It it may no longer shock anyone that film director Quentin Tarantino isn’t afraid to speak boldly on touchy subjects, even when facing a potential impact to his movies’ commercial prospects. During a recent promotional interview for The Hateful Eight, Tarantino had a few choice thoughts on the Confederate Flag’s place in modern America.
While the flag has long been associated with both Southern heritage and white supremacy, the latter element saw reborn controversy ever since it was tied to a white man who went on a rampage in South Carolina that killed 9 black churchgoers. The subject prompted a flurry of debate in the months that followed.
Tarantino weighed in recently, telling The Telegraph that he thought it was “about damn time” people started reconsidering the image’s place in modern society.
“All of a sudden, people started talking about the Confederacy in America in a way they haven’t before. I mean, I’ve always felt the Rebel flag was some American Swastika,” Tarantino said. “And people are starting to question about stuff like statues of Bedford Forrest [Confederate general and Ku Klux Klan Grand Wizard] in parks. Well, it’s about damn time, if you ask me.”
The subject came up in relation to The Hateful Eight, which takes place a few years after the Civil War, and which was directed by Tarantino in part to reflect the period’s racial friction. The director said he had to make unusual edits to the script because it was “retroactively too on-the-nose” in certain parts, and that America’s current political climate reminds him of those post-war social divisions.
I knew I was going to deal with the Civil War.
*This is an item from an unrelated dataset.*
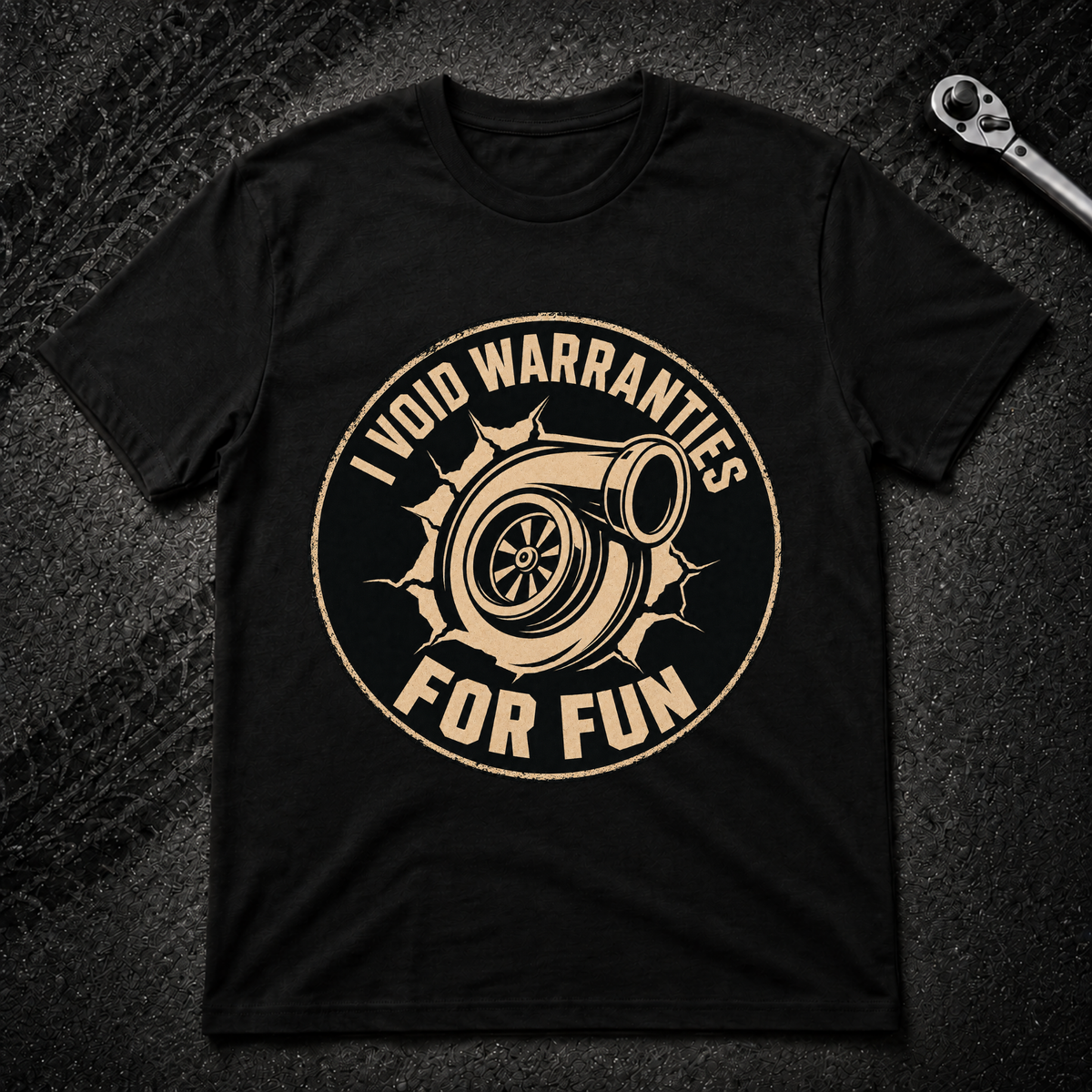 I Void Warranties T-Shirt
But I didn’t know it would end up being so serious when it came to that issue…I was realizing when I was watching it about weeks ago that this could almost be a post-apocalyptic movie, to some degree or another. It’s like this frozen wasteland, and the apocalypse has destroyed every semblance of their society and their way of life, and these survivors are huddled together in this pitiless wasteland shelter. And suddenly they’re all blaming each other for the apocalypse, but the apocalypse is the Civil War.